▸ Required work
Write the entries below out again in full. Match every character.

-------- Given entries

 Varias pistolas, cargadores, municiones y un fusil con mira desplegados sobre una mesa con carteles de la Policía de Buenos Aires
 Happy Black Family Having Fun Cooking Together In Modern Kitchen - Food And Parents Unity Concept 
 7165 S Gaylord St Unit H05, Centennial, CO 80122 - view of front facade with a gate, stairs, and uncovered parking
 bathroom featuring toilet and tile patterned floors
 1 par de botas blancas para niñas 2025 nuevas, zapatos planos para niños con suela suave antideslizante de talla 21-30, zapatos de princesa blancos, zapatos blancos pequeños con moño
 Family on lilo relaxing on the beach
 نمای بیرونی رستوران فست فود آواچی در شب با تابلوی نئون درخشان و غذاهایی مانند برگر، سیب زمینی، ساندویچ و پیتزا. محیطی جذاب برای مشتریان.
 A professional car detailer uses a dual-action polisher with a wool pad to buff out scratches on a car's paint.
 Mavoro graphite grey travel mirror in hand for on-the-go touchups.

----------------

▸ Answer space
 Varias pistolas, cargadores, municiones y un fusil con mira desplegados sobre una mesa con carteles de la Policía de Buenos Aires
 Happy Black Family Having Fun Cooking Together In Modern Kitchen - Food And Parents Unity Concept 
 7165 S Gaylord St Unit H05, Centennial, CO 80122 - view of front facade with a gate, stairs, and uncovered parking
 bathroom featuring toilet and tile patterned floors
 1 par de botas blancas para niñas 2025 nuevas, zapatos planos para niños con suela suave antideslizante de talla 21-30, zapatos de princesa blancos, zapatos blancos pequeños con moño
 Family on lilo relaxing on the beach
 نمای بیرونی رستوران فست فود آواچی در شب با تابلوی نئون درخشان و غذاهایی مانند برگر، سیب زمینی، ساندویچ و پیتزا. محیطی جذاب برای مشتریان.
 A professional car detailer uses a dual-action polisher with a wool pad to buff out scratches on a car's paint.
 Mavoro graphite grey travel mirror in hand for on-the-go touchups.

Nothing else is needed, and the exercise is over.